The Board considered the information provided and knowledge gained at these meetings and visits during the year when performing its annual review of the Advisory Agreements. The Independent Board Members also were assisted throughout the process by independent legal counsel. During the course of the year and during their deliberations regarding the review of advisory contracts, the Independent Board Members met with independent legal counsel in executive sessions without management present. The Independent Board Members also received a memorandum from independent legal counsel outlining the legal standards for their consideration of the proposed continuation of the Advisory Agreements. In addition, it is important to recognize that the management arrangements for the Nuveen funds are the result of many years of review and discussion between the Independent Board Members and Fund management and that the Board Members’ conclusions may be based, in part, on their consideration of fee arrangements and other factors developed in previous years.
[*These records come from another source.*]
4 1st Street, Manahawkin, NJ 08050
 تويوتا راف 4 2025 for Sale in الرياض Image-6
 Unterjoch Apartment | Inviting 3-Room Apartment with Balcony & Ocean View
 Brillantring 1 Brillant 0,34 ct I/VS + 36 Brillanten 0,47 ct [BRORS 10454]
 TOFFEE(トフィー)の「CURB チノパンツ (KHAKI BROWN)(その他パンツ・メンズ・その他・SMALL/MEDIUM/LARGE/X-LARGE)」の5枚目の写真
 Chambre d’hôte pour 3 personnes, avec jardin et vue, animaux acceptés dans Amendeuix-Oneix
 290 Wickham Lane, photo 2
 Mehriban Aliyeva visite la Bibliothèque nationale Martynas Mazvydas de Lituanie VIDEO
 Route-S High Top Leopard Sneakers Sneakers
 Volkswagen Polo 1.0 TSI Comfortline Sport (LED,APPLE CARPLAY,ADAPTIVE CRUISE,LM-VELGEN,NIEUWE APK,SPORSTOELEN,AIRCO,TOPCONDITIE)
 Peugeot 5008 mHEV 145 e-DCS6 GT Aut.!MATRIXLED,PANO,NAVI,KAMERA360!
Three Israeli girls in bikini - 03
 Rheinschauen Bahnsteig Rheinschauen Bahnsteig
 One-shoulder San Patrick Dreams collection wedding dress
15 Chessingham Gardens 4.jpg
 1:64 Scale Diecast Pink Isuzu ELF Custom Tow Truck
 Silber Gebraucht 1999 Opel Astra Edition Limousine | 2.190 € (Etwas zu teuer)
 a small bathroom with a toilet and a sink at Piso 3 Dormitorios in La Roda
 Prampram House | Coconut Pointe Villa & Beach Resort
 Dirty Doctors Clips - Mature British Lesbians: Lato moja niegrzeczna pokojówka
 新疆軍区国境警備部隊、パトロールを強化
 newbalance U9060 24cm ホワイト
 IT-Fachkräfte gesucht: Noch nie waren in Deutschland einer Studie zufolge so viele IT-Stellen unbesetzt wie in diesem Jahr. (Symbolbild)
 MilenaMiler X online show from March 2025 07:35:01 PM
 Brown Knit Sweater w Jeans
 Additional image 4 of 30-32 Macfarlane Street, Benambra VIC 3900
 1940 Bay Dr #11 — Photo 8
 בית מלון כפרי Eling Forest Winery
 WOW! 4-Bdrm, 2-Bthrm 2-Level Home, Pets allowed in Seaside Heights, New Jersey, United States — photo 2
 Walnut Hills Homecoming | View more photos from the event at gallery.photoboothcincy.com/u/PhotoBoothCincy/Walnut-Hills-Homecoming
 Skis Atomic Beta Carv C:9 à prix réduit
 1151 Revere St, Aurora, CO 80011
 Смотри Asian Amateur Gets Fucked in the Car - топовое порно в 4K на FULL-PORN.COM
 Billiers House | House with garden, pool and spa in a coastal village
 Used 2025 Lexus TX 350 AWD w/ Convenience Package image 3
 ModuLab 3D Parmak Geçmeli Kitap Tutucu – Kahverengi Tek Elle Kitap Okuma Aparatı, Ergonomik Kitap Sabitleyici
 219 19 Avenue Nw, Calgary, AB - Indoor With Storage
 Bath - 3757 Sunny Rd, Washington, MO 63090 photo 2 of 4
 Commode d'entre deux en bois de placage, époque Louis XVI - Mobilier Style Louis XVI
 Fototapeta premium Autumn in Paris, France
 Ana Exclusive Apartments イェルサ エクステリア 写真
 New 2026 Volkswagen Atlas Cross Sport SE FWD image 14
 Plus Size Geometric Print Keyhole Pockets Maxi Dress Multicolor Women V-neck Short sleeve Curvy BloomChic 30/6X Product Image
The Board took into account all factors it believed relevant with respect to each Fund, including, among other things: (a) the nature, extent and quality of the services provided by the Fund Advisers; (b) the investment performance of the Funds and Fund Advisers; (c) the advisory fees and costs of the services to be provided to the Funds and the profitability of the Fund Advisers; (d) the extent of any economies of scale; (e) any benefits derived by the Fund Advisers from the relationship with the Funds; and (f) other factors. Each Board Member may have accorded different weight to the various factors in reaching his or her conclusions with respect to the Advisory Agreements applicable to each Fund. The Independent Board Members did not identify any single factor as all-important or controlling. The Independent Board Members’ considerations were instead based on a comprehensive consideration of all the information presented. The principal factors considered by the Board and its conclusions are described below.

 

A.   Nature, Extent and Quality of Services

In evaluating the renewal of the Advisory Agreements, the Independent Board Members received and considered information regarding the nature, extent and quality of the applicable Fund Adviser’s services provided to each respective Fund. The Board reviewed information regarding, among other things, each Fund Adviser’s organization and business, the types of services that each Fund Adviser or its affiliates provided to the applicable Funds, the performance record of the Funds (as described in further detail below), and any initiatives that had been undertaken on behalf of the closed-end product line. The Board recognized the high quality of services the Adviser had provided to the Funds over the years and the conscientiousness with which the Adviser provided these services. The Board also considered the improved capital structure of Nuveen Investments, Inc. (“Nuveen”) (the parent of the Adviser) following the acquisition of Nuveen by TIAA-CREF in 2014 (the “TIAA-CREF Transaction”).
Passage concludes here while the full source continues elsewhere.